=== Section Start ===
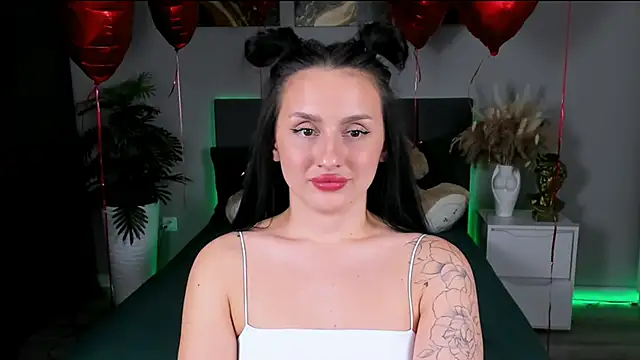 EmiliaBeynard online show from March 2025 02:21:02 PM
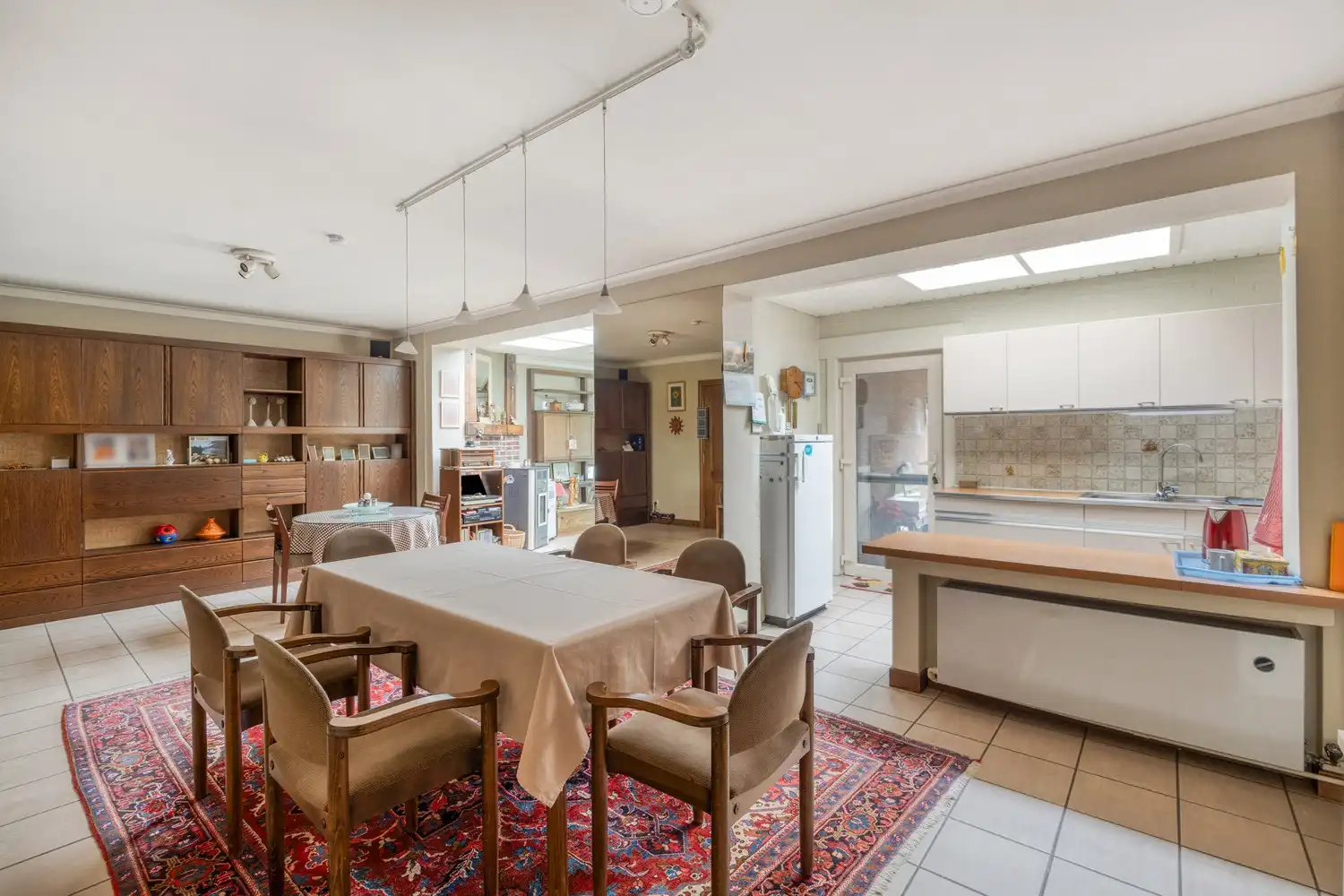 Gezinswoning met 4 slaapkamers en aangelegde tuin in doodlopende straat foto 7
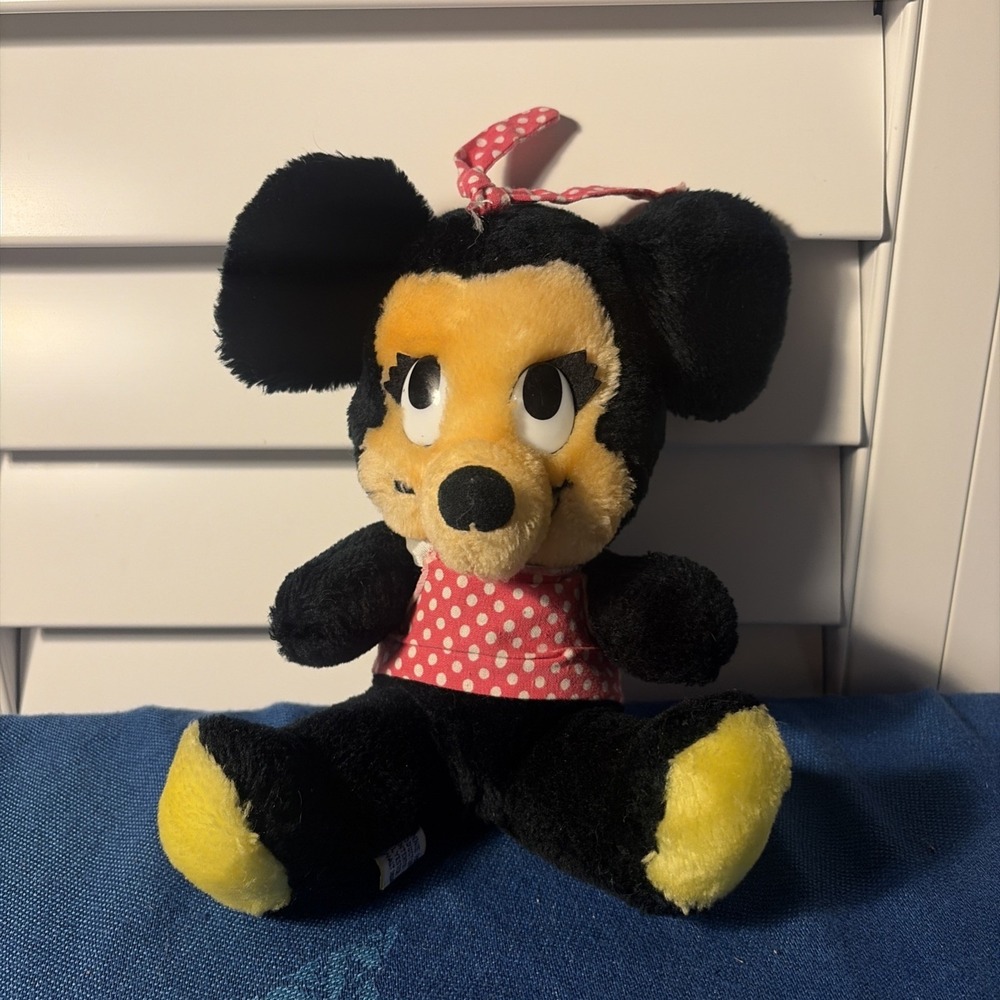 Vintage Minnie Mouse 8" Plush Walt Disney Pink Dot Dress & Hair Tie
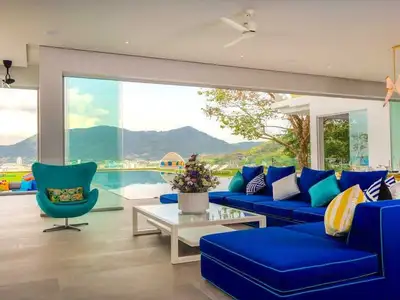 Seaview 5 bedrooms holiday home with private pool villa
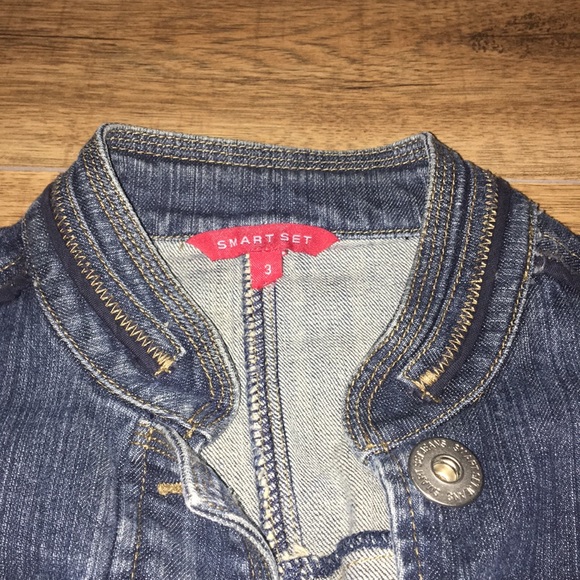 Jean Jacket - Picture 3 of 8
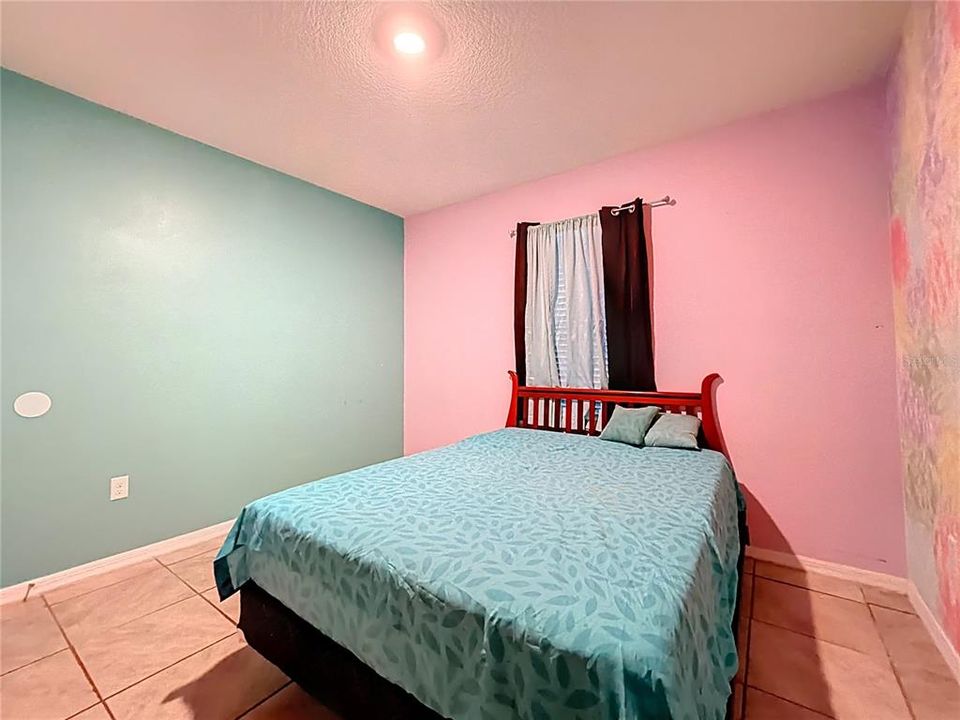 For Sale: $339,000 (4 beds, 2 baths, 1867 Square Feet)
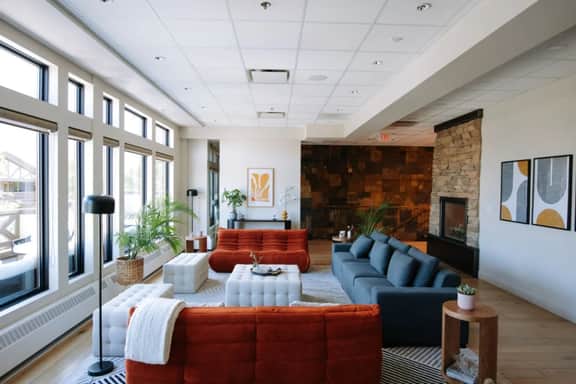 Sevenfold | Sleeps 20 | Luxe 7BR Retreat + Hot Tub - Image 2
=== Section End ===
» Exercise directions: Lines before the one containing "Vintage Minnie Mouse" are not wanted; repeat that line and the rest of the listing exactly, leaving out pictures.

» Exercise solution:
 Vintage Minnie Mouse 8" Plush Walt Disney Pink Dot Dress & Hair Tie
 Seaview 5 bedrooms holiday home with private pool villa
 Jean Jacket - Picture 3 of 8
 For Sale: $339,000 (4 beds, 2 baths, 1867 Square Feet)
 Sevenfold | Sleeps 20 | Luxe 7BR Retreat + Hot Tub - Image 2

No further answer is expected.